Reverse Dot Blot analysis

This technique is used to better identify suspected mutations, where the PCR product is transferred on a membrane filter plate in the form of a dot (Blot) and hybridized with an allele-specific oligomer (ASO) DNA probe.

NGS technique (Next Generation Sequencing)

In NGS technique or next generation sequencing, the whole genome of a person can be sequenced at high speed, which is used in the analysis of all alpha globin gene coding regions, key regulatory regions and modifier genes.

Direct DNA Sequencing

In this method, the PCR product is directly sequenced or read using the Sanger technique.

Melting curve analysis with Real-Time PCR

Real-Time PCR method can be considered better than conventional PCR method because less time is spent on the amplification reaction process, also the risk of contamination after PCR is low.

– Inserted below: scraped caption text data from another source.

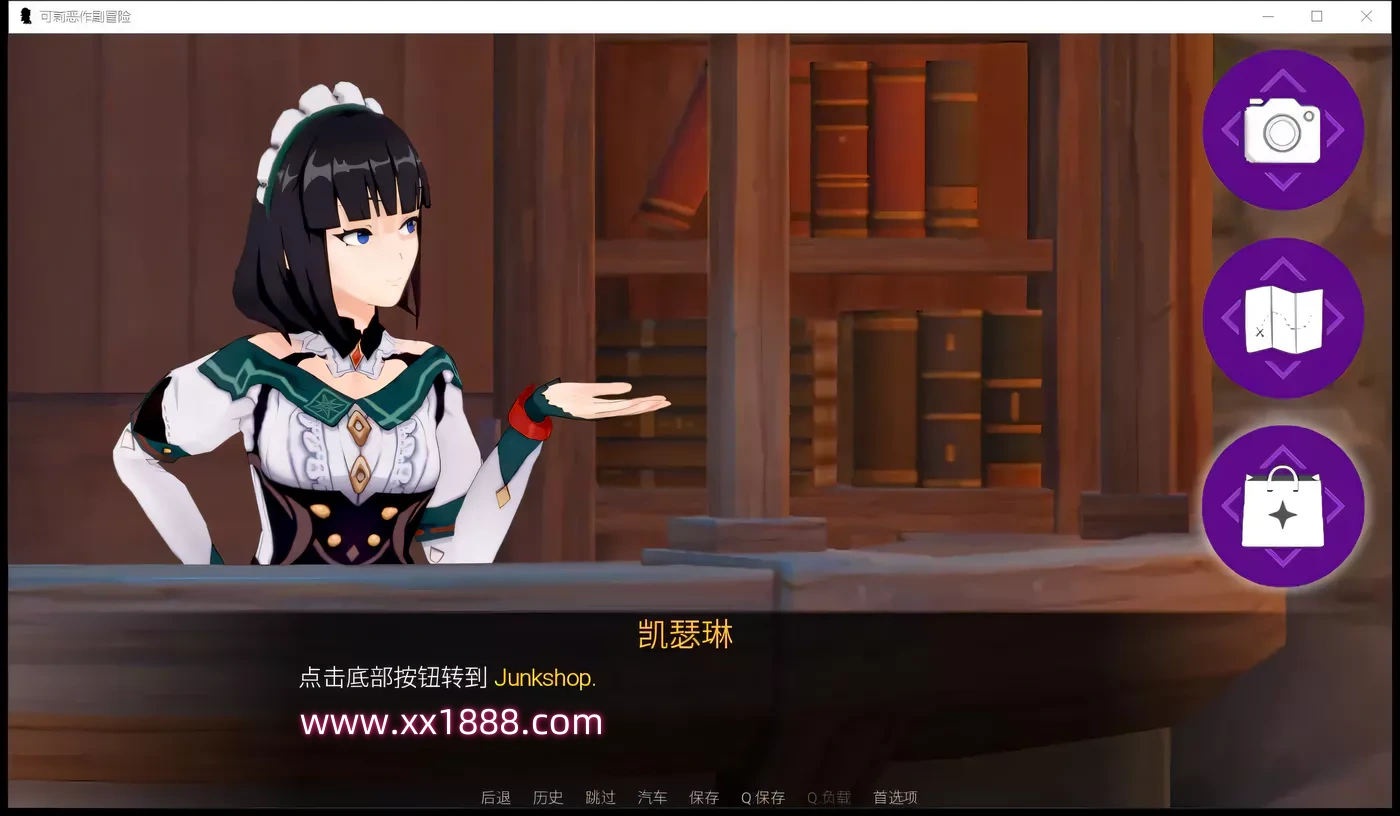 图片[7]-【欧美SLG/汉化】原神:可莉的恶作剧 V1.11 汉化版【PC+安卓/3.6G/更新】-acg畅游网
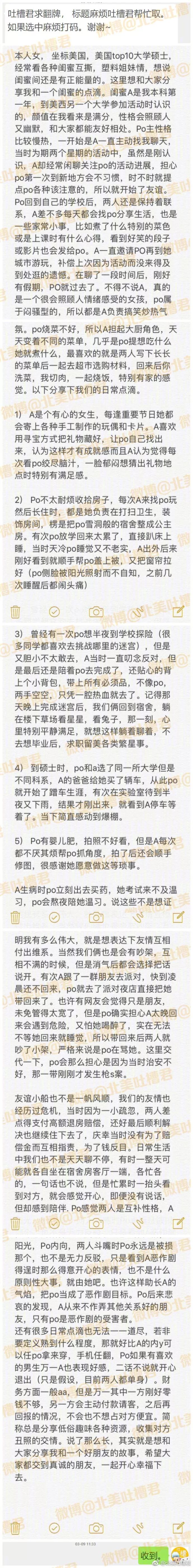 和她共睡一床，手机任翻，卡随便刷....可我知道，那是友情 - 1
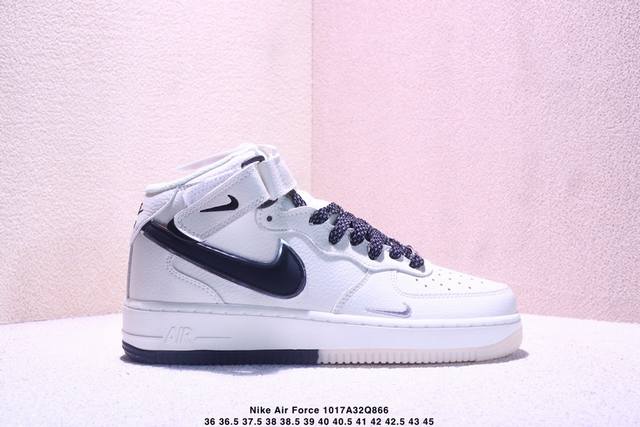 Nike Air Force 1 Low, a versatile low-top casual athletic shoe. Soft, responsive
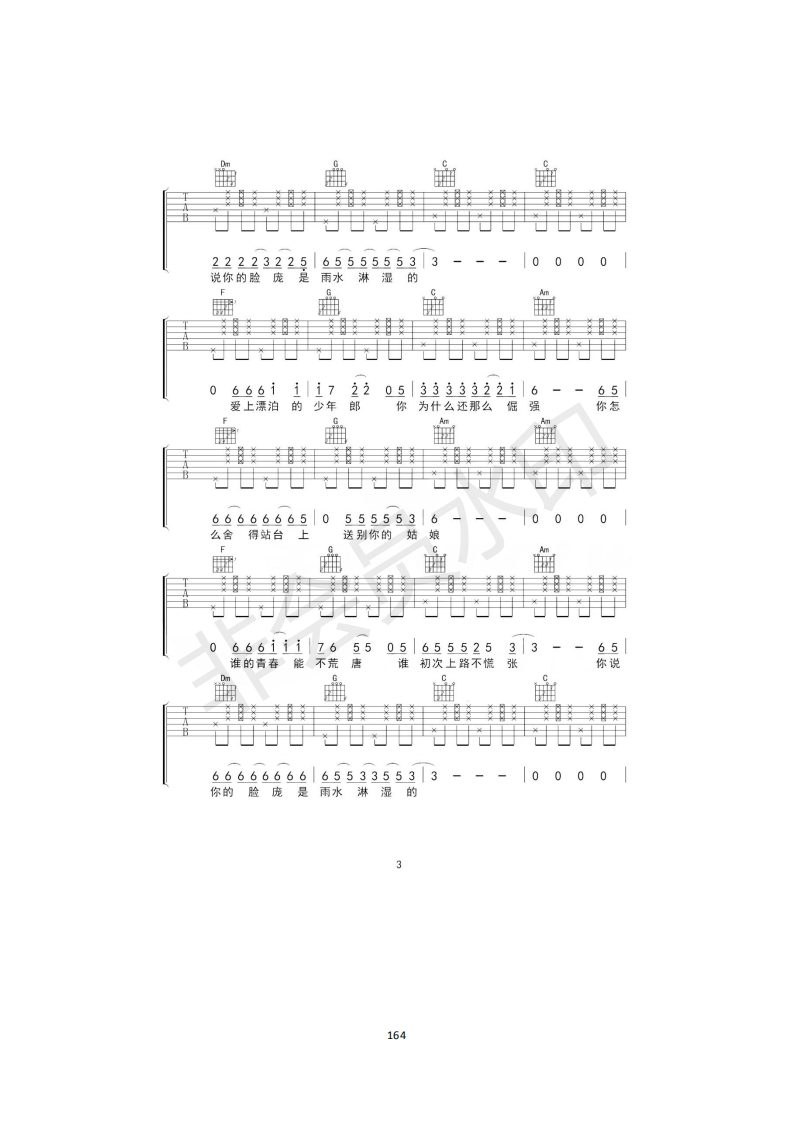 一把破吉他1999吉他谱(图片谱)_赵照_吉他谱子2_163_爱奇艺.jpg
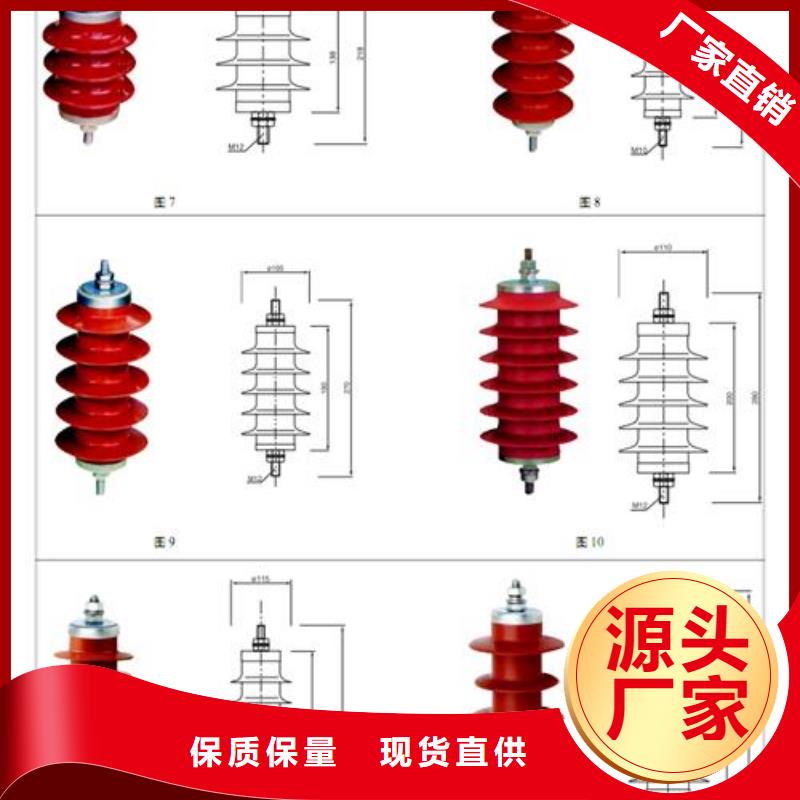 跌落式熔断器公司视频-湖北省黄冈市樊高跌落式熔断器公司可服务区域蕲春|黄州|鄂州|十堰|恩施|孝感等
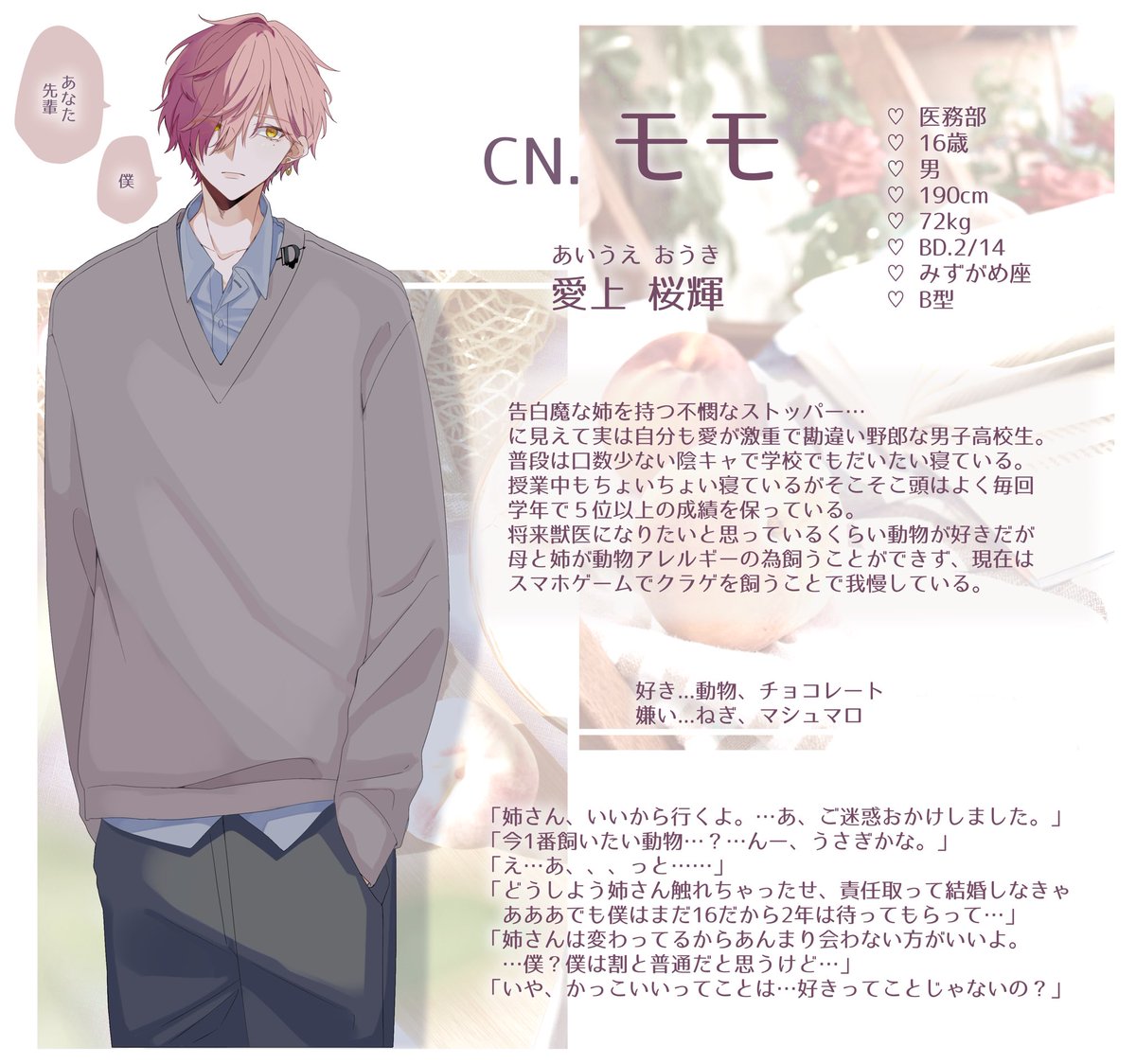 akakagu_tau11's tweet photo. #キラーズシティ_cs

告白魔の弟のこれまた激重やば男子です
まじで戸締りしてよその子

【CN】モモ
【名前】愛上 桜輝(あいうえ おうき) https://t.co/biwxCd3tKS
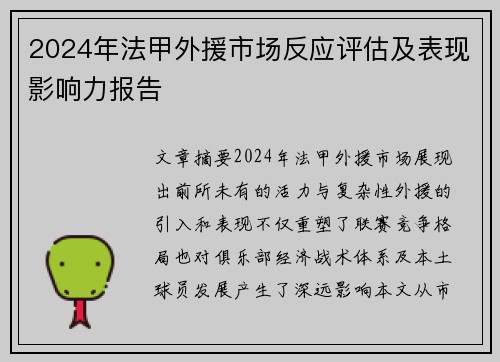 2024年法甲外援市场反应评估及表现影响力报告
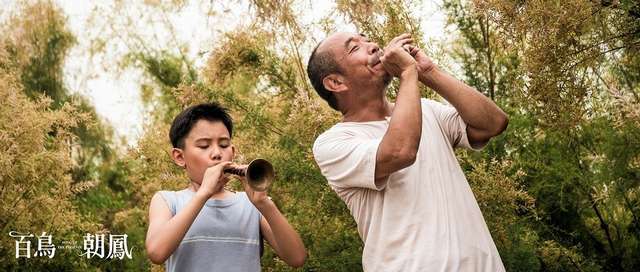 百鳥朝鳳_Song of the Phoenix_電影劇照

Alpha thalassemia treatment

Individuals who carry alpha thalassemia (-+α or -α0) generally do not necessitate medical intervention as their anemia tends to be exceedingly mild in nature. Naturally, it is crucial to meticulously address the potential occurrence of anemia resulting from concurrent nutritional deficiencies, such as iron, folate or vitamin B12 scarcity. In such cases, proper management is of utmost importance. Administering iron supplements to a non-anemic individual may lead to an increase in blood iron accumulation, thereby posing a significant risk. Consequently, the consumption of iron tablets must be conducted under the careful oversight and discretion of a medical professional.

Patients diagnosed with alpha thalassemia type HbH may occasionally exhibit slight symptoms that do not warrant blood transfusions; however, in certain instances, severe symptoms manifest, necessitating regular transfusions. If hemoglobin (Hb) levels undergo an abrupt decline due to hemolytic or aplastic crises, individuals afflicted with HbH knockout disease may require red blood cell transfusions. The gravity of Hb Bart’s alpha thalassemia is such that, in the majority of pregnancies where the fetus is affected by this condition, the fetus is terminated, resulting in the termination of the pregnancy. Nonetheless, there have been instances where a number of fetuses with this condition have survived and been born; statistics indicate that approximately 50% of these infants experienced growth retardation, while 20% exhibited neurodevelopmental delay.